Edit: while @Aran-Fey's solution answer my question correctly, it appears that my assumption was wrong. Changing the signature doesn't allow calling the new_fn
using the new signature. That is gen_fn({'a': int})(a=42)
raises a TypeError:
... `got an unexpected keyword argument 'a'.
Instead of creating a function with annotations, it's easier to create a function and then set the annotations manually.
inspect.signature
looks for the existence of a __signature__
attribute before it looks at the function's actual signature, so we can craft an appropriate inspect.Signature
object and assign it there:
params = [inspect.Parameter(param,
inspect.Parameter.POSITIONAL_OR_KEYWORD,
annotation=type_)
for param, type_ in args.items()]
new_fn.__signature__ = inspect.Signature(params)
typing.get_type_hints
does not respect __signature__
, so we should update the __annotations__
attribute as well:
new_fn.__annotations__ = args
Putting them both together:
def gen_fn(args: Dict[str, Any]) -> Callable:
def new_fn():
pass
params = [inspect.Parameter(param,
inspect.Parameter.POSITIONAL_OR_KEYWORD,
annotation=type_)
for param, type_ in args.items()]
new_fn.__signature__ = inspect.Signature(params)

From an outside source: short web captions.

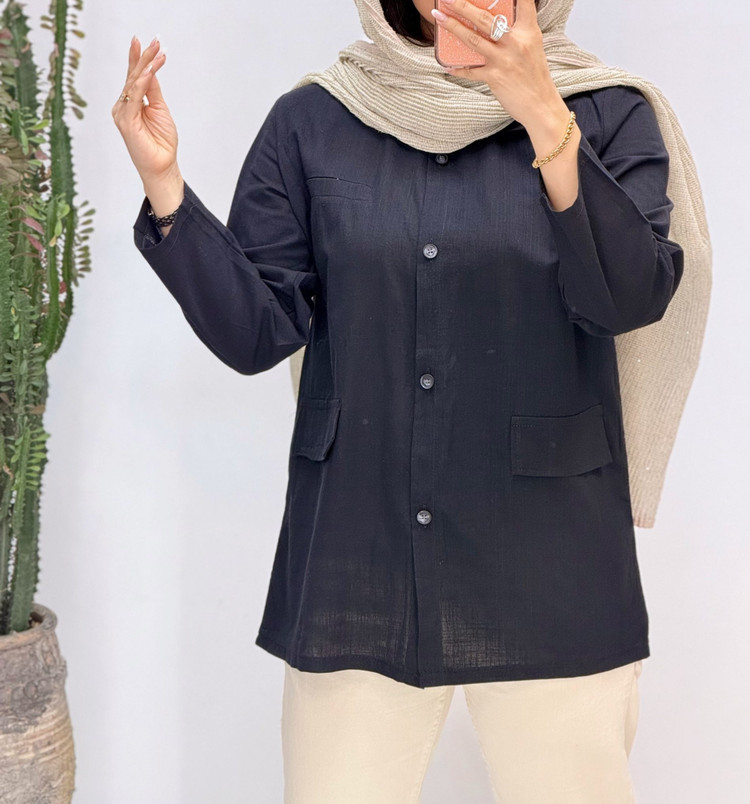 مانتو اسلپ دایانا کد 471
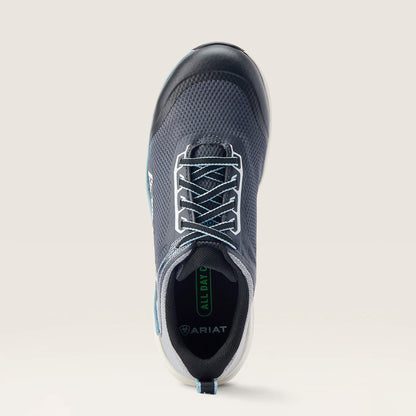 Outpace SD Composite Toe Work Shoe Women | Ariat on sale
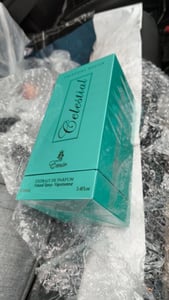 Emir Celestial, eau de parfum voor heren, 100 ml Klantenfoto 1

new_fn.__annotations__ = args
return new_fn
print(inspect.signature(gen_fn({'a': int}))) # (a:int)
print(get_type_hints(gen_fn({'a': int}))) # {'a': <class 'int'>}
Note that this doesn't make your function callable with these arguments; all of this is just smoke and mirrors that makes the function look like it has those parameters and annotations. Implementing the function is a separate issue.
You can define the function with varargs to aggregate all the arguments into a tuple and a dict:
def new_fn(*args, **kwargs):
...
But that still leaves you with the problem of implementing the function body. You haven't said what the function should do when it's called, so I can't help you with that. You can look at this question for some pointers.